I was recommended to this forum from The Mouse Connection since I am looking for breeders from Minnesota. My mice ownership started as a secret. I purchased a pair of feeder does from the local pet store and hid them in my room (well, not really. They're in a purple homemade container and no one noticed them for about two weeks). I joke if I ever get seriously into raising mice, the mousery name will be Bedroom Corner Mousery and I'll tell that story. Yeah okay I'm cheesy like that?

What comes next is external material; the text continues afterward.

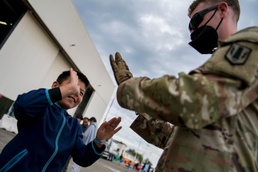 Soldiers put down their Arms to raise others up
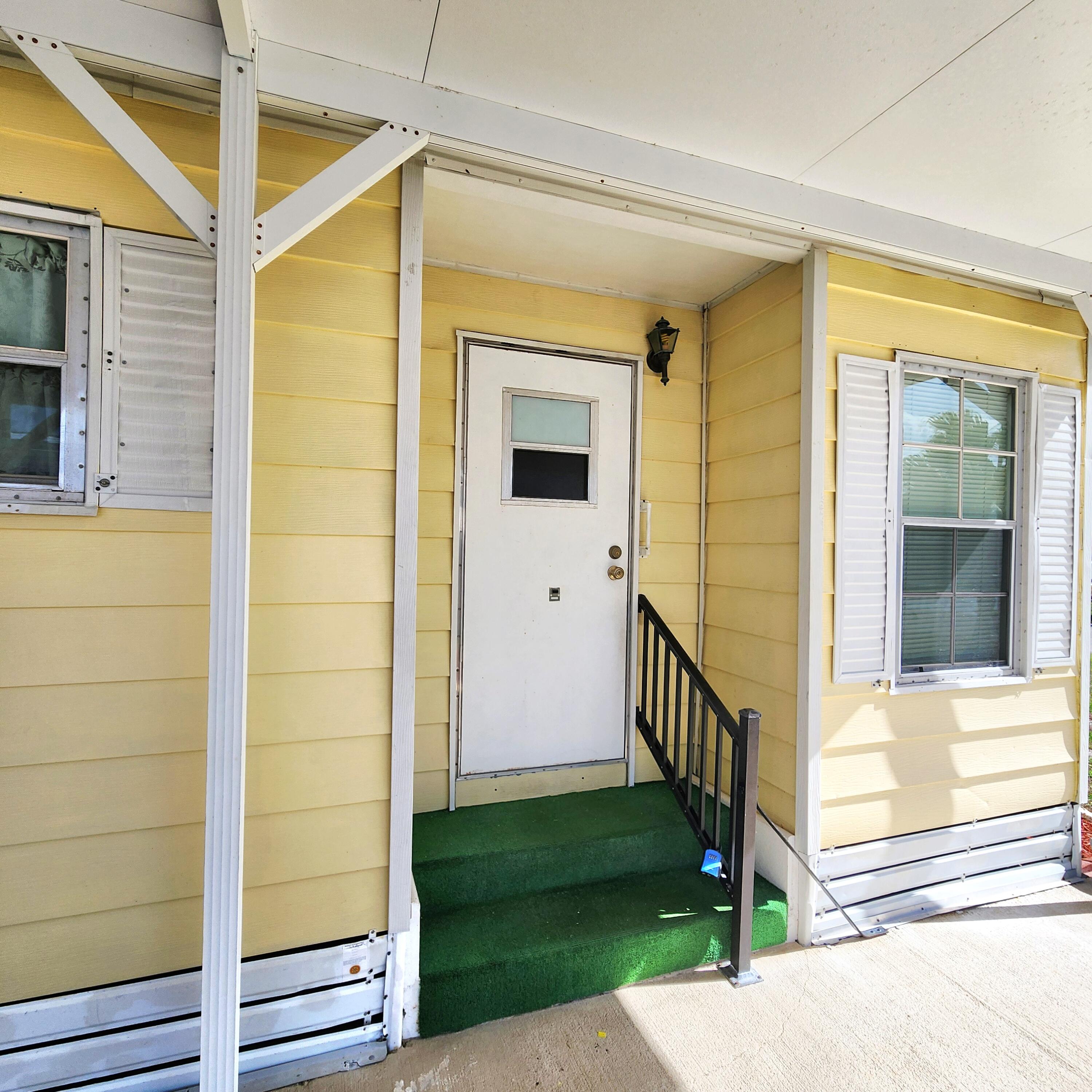 98 Camino Del Rio Port St. Lucie, FL 34952 - Photo 6 of 60 a view of front door of house with a yard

Aside from mice, I raise rabbits. I currently have a pair of meat NZ rabbits, who I think are going to end up being rather expensive pets since I wasn't sure what I was doing when I got them... and I have a mini lop. I hope to raise mini lops and show them. I am heading to my first show Saturday and I'm both excited and nervous. I just hope my slightly unworked mini lop decides to behave herself!

As far as other pets go, I also have a black Lab named Annie and a tank full of guppies and neon tetras. Oh and my bushynosed plecos. I hope some day to have my own horse again, but in the mean time I was accepted into an equine program so I get to study them, which is second best I guess? Hehe.

Anyways, that's me! 
- Deamon/Shelly


----------



## SarahC (Oct 3, 2008)

Hello and welcome.


----------



## Fantasia Mousery (Jul 16, 2011)

Welcome.  We love pictures!


----------



## Miceandmore64 (Jul 16, 2013)

Hello I am Jade just thought I would mention I have 2 purebreed dutch rabbits. Stella is black and white and Charlie is ginger and white


----------



## Frizzle (Oct 6, 2011)

Hello from Wisconsin! Hopefully Moustress will pop on over & say hi, she's from MN as well.


----------



## besty74 (May 26, 2012)

hello and welcome


----------



## Trixie's Mice (Feb 3, 2013)

Welcome to FMB!


----------



## andypandy29us (Aug 10, 2012)

hello and welcome


----------



## Deamon (Oct 4, 2013)

Thanks for the welcomes!

Here's a few pictures of my gang, I don't have any of my mice. They're feeder REW (PEW, I guess in mice terms?) mice. Tiny compared to show mice I think. Still new to all this. Let's see here...

As far as rabbits go, I have two Mini Lops now. My new buck, Syd: 









And the rabbit I mentioned that I took a show, Taffy:








She wasn't going to have any of this sitting still any longer thing  Also those are her ribbons from the show I mentioned.

I also have a couple of NZ mutts, I'm sure they're crosses but I don't know with what. 
My REW doe, Bunbun:









And my "red" NZ buck, though I'm not sure of his color:









And last but not least, our Lab Annie Oakley:


----------



## Fantasia Mousery (Jul 16, 2011)

What lovely pictures! Syd is just gorgeous. 
Yes, when we're talking mice (and rats for that matter) it's called PEW.


----------